Start of Excerpted data

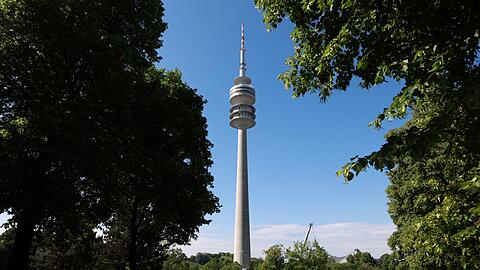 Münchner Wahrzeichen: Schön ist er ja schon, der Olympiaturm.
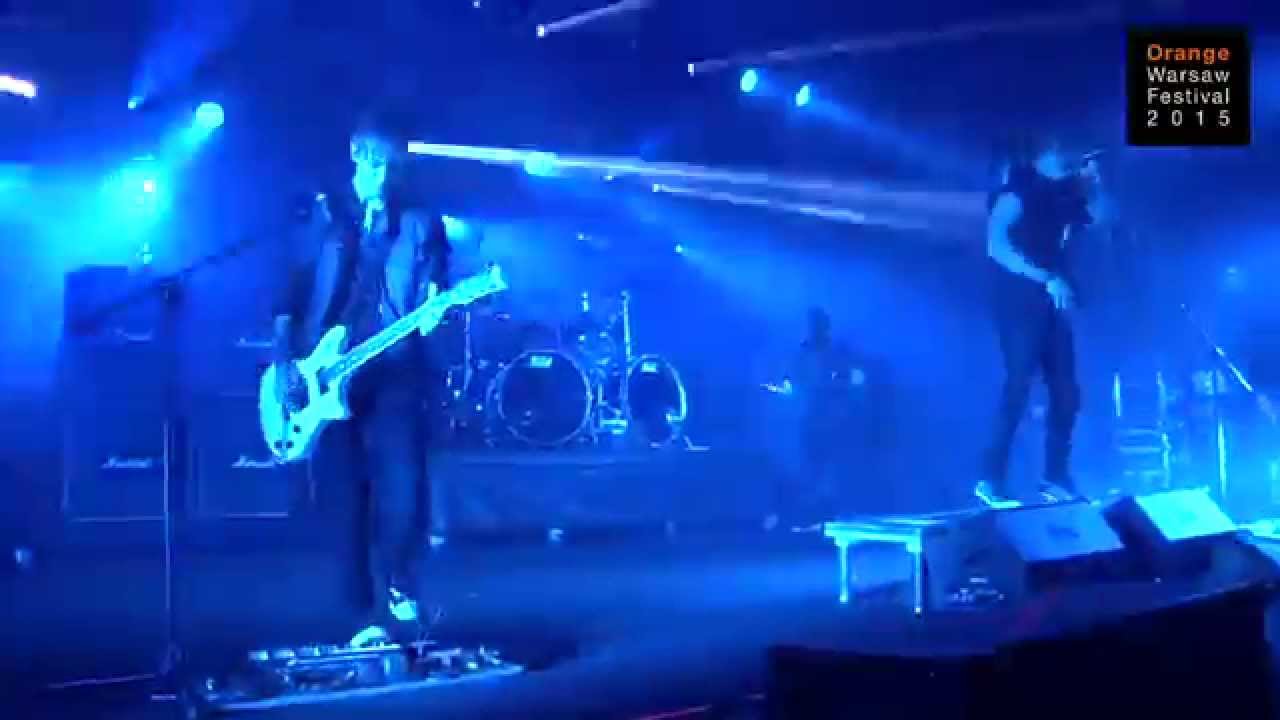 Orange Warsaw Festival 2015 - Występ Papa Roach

End of Excerpted data
Start of Excerpted data

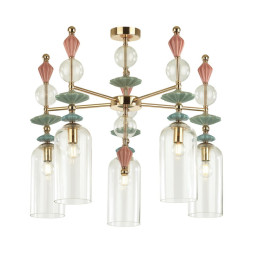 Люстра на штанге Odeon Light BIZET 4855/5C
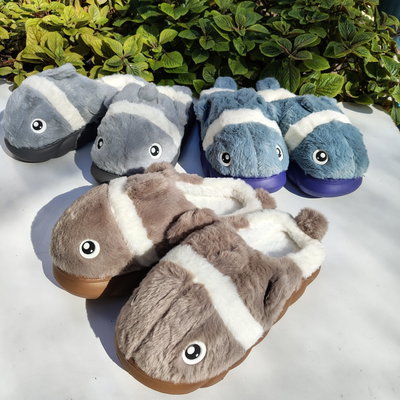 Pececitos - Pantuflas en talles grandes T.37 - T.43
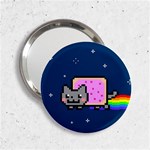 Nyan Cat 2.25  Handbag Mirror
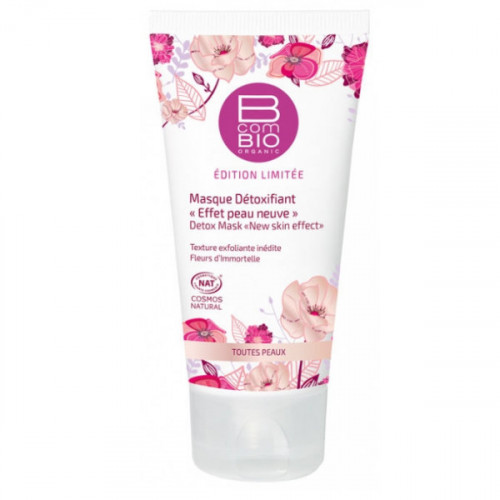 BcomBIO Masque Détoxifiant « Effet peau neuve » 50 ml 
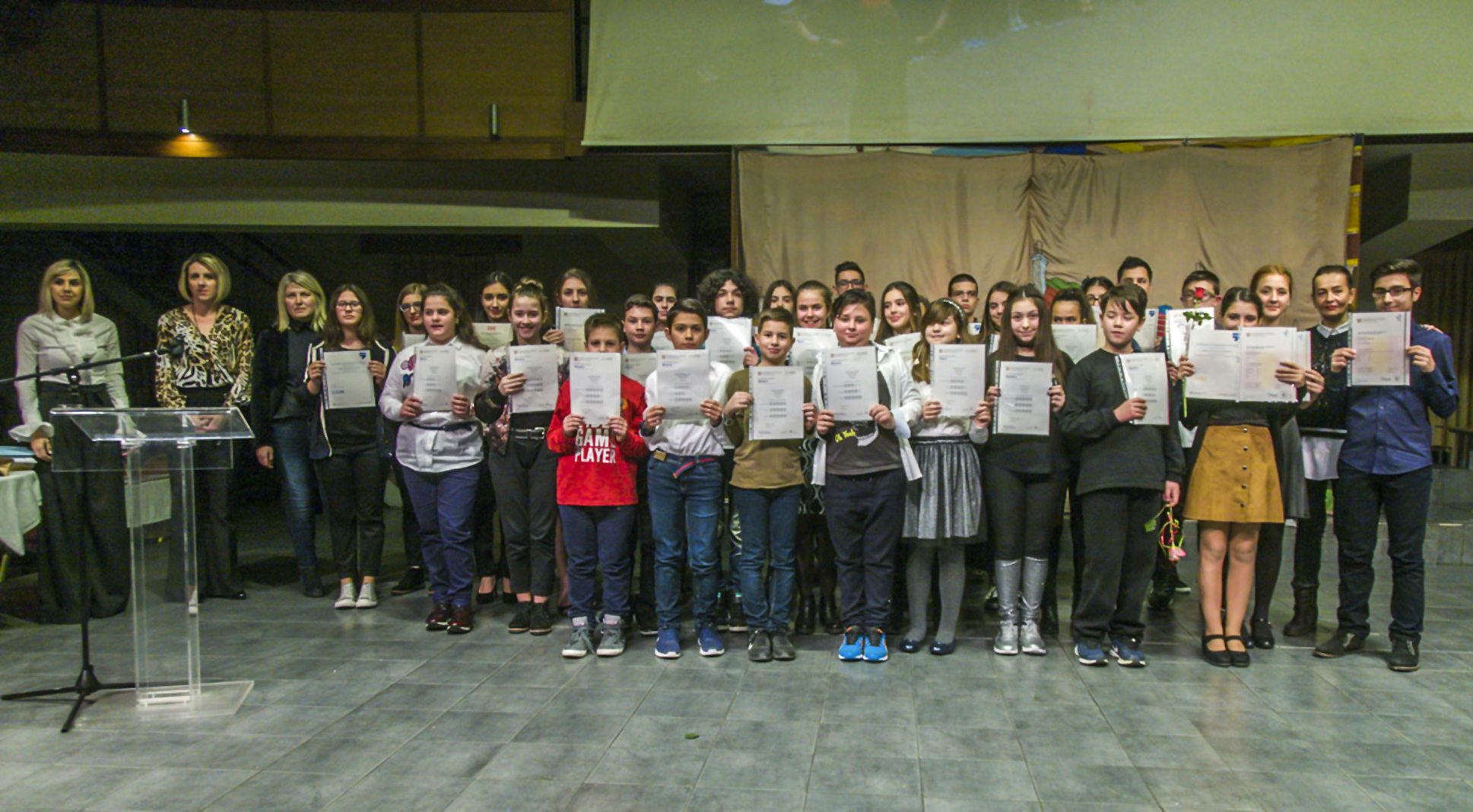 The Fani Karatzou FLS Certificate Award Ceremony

End of Excerpted data

In the entries above, find the line that contains "Nyan Cat 2.25" and the line that contains "The Fani Karatzou". Reproduce exactly those two lines and every line between them, but not the pictures.

 Nyan Cat 2.25  Handbag Mirror
 BcomBIO Masque Détoxifiant « Effet peau neuve » 50 ml 
 The Fani Karatzou FLS Certificate Award Ceremony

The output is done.